■ Your assignment: Exactly those lines running from the one containing "Letter U Bracelet" to the end of the material are to be printed, and no others.
Start of Material to process
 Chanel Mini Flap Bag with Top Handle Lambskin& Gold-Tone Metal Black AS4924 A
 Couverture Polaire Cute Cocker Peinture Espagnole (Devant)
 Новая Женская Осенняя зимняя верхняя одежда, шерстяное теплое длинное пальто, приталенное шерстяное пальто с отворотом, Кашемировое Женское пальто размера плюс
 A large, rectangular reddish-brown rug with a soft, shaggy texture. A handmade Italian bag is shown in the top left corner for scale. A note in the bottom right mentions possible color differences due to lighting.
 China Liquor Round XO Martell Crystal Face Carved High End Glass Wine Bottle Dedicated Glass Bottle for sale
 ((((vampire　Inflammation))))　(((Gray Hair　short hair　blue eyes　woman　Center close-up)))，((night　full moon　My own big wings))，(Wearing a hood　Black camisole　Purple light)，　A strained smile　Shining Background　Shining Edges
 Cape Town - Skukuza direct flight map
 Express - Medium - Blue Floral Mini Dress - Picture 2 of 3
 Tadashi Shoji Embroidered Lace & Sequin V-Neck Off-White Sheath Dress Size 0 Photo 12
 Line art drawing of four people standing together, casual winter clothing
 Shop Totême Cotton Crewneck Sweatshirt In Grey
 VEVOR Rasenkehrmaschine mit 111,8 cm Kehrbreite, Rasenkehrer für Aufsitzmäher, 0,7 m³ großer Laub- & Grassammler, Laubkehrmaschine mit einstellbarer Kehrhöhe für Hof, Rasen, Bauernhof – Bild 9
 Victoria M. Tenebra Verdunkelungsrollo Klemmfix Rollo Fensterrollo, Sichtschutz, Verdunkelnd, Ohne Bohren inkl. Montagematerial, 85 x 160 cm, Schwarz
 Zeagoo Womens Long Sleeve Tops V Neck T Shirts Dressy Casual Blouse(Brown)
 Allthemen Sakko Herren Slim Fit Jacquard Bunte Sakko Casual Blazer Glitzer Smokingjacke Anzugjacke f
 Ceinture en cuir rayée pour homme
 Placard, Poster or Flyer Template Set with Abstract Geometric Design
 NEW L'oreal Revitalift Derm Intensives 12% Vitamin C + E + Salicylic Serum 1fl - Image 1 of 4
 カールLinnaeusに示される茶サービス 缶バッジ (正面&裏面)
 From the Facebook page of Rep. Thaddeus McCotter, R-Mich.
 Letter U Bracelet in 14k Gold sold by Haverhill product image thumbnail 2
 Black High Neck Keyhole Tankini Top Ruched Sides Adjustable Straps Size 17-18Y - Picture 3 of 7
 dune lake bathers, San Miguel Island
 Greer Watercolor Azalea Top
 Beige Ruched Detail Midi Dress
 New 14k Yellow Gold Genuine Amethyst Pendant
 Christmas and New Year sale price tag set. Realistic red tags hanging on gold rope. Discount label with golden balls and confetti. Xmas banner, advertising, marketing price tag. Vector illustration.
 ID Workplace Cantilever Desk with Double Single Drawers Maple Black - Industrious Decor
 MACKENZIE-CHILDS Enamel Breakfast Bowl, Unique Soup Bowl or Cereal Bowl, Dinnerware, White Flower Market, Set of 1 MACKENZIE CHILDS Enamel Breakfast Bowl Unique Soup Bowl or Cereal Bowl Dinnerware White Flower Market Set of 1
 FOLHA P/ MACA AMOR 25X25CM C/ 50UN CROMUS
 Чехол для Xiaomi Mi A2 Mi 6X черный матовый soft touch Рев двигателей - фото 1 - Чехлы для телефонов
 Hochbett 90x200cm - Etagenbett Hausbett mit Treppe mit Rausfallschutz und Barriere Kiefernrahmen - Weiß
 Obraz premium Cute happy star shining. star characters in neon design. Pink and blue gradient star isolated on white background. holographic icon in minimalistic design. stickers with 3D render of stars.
End of Material to process
■ Task result:
 Letter U Bracelet in 14k Gold sold by Haverhill product image thumbnail 2
 Black High Neck Keyhole Tankini Top Ruched Sides Adjustable Straps Size 17-18Y - Picture 3 of 7
 dune lake bathers, San Miguel Island
 Greer Watercolor Azalea Top
 Beige Ruched Detail Midi Dress
 New 14k Yellow Gold Genuine Amethyst Pendant
 Christmas and New Year sale price tag set. Realistic red tags hanging on gold rope. Discount label with golden balls and confetti. Xmas banner, advertising, marketing price tag. Vector illustration.
 ID Workplace Cantilever Desk with Double Single Drawers Maple Black - Industrious Decor
 MACKENZIE-CHILDS Enamel Breakfast Bowl, Unique Soup Bowl or Cereal Bowl, Dinnerware, White Flower Market, Set of 1 MACKENZIE CHILDS Enamel Breakfast Bowl Unique Soup Bowl or Cereal Bowl Dinnerware White Flower Market Set of 1
 FOLHA P/ MACA AMOR 25X25CM C/ 50UN CROMUS
 Чехол для Xiaomi Mi A2 Mi 6X черный матовый soft touch Рев двигателей - фото 1 - Чехлы для телефонов
 Hochbett 90x200cm - Etagenbett Hausbett mit Treppe mit Rausfallschutz und Barriere Kiefernrahmen - Weiß
 Obraz premium Cute happy star shining. star characters in neon design. Pink and blue gradient star isolated on white background. holographic icon in minimalistic design. stickers with 3D render of stars.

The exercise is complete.